A mistrust of water treatment methods will stand in the way of water recycling goals, according to a study of drinking water habits

Still or sparkling?

Tap water has a serious image problem in Flanders, with a majority seeing bottled water as safer, tastier and classier than anything in a carafe. This is already bad news for the environment, but also means policymakers will have an uphill task persuading the public to drink purified wastewater.

The starting point for the research into attitudes about drinking water was a finding by the Flemish Environment Agency that 66% of people living in Flanders mainly drink bottled water. This led Antwerp University, the Water-Link company and the Flemish Water Expertise Centre (Vlakwa) to ask why this was so.

Their survey found that tap water was seen as unhealthy and less tasty than bottle water. “Bottled water is also still seen as a status symbol,” said Dirk Halet of Vlakwa. “It is the norm on social occasions, and diners in restaurants are willing to pay several euros for a well-known brand of water.”

Circular water use

It was also apparent that some sections of society are particularly resistant to tap water. “It’s mainly men, older people and the less educated who will not put tap water on the table,” said Robbe Geerts and Frédéric Vandermoere, the Antwerp University sociologists who lead the research.

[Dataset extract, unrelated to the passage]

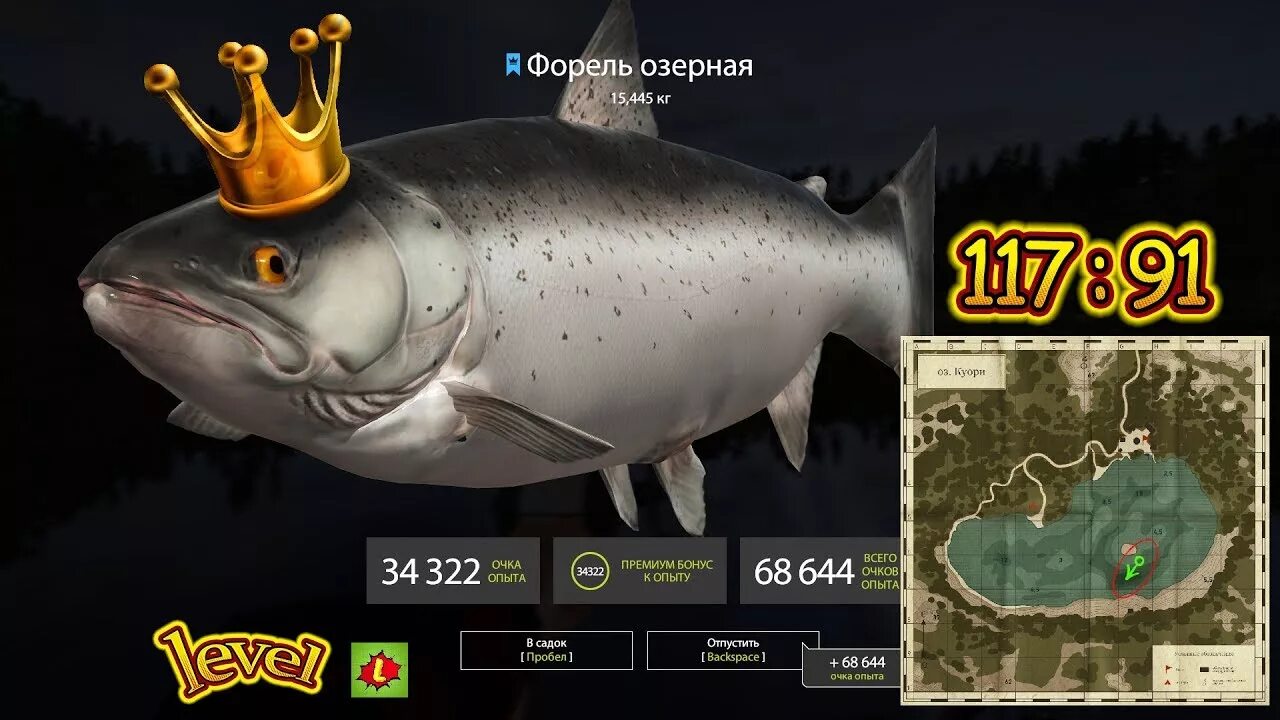 Озеро куори рр4 на что ловить Синяя Форель озерная оз. Куори РР4 - YouTube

What is needed, they conclude, are advertising and branding campaigns to counter negative perceptions about tap water, and to reposition social norms so that tap water is more acceptable. Where possible these should target the most resistant groups. Steps should be taken to address the small minority of houses not on the water main, or where lead pipes are still in place, they said.

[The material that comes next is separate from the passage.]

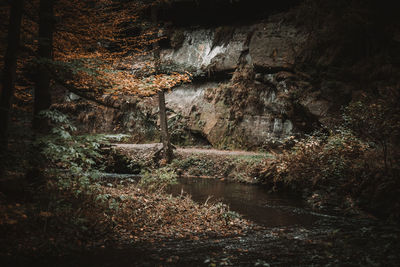 Water flowing through rocks in forest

The researchers also asked how people would feel about drinking purified wastewater. This is already done to a limited extent in Flanders, but is likely to become more widespread as a strategic response to water shortages. In the government’s Blue Deal water management plan this is tactfully covered under the heading of “circular water use”.

People in Antwerp show the most confidence in water treatment technology, people in East and West Flanders the least

The reaction was not encouraging. “When we talk about confidence in recycled wastewater as drinking water, that support is generally not high,” said Geerts and Vandermoere. “We also see that mistrust occurs most often among women and the lower educated.”

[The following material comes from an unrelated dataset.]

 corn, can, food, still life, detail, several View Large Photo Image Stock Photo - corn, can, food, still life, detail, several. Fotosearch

There was also a regional difference, with people in Antwerp province showing the most confidence in water treatment technology, and those in West and East Flanders showing the lowest confidence. Why this should be the case is not clear.

The solution to this resistance is, again, targeted information campaigns. These will require more data if they are to stand a chance of success.

“Local research is necessary to devise action strategies and to create support within a Flemish context,” said Geerts. “This is an important condition for the success of the Blue Deal.”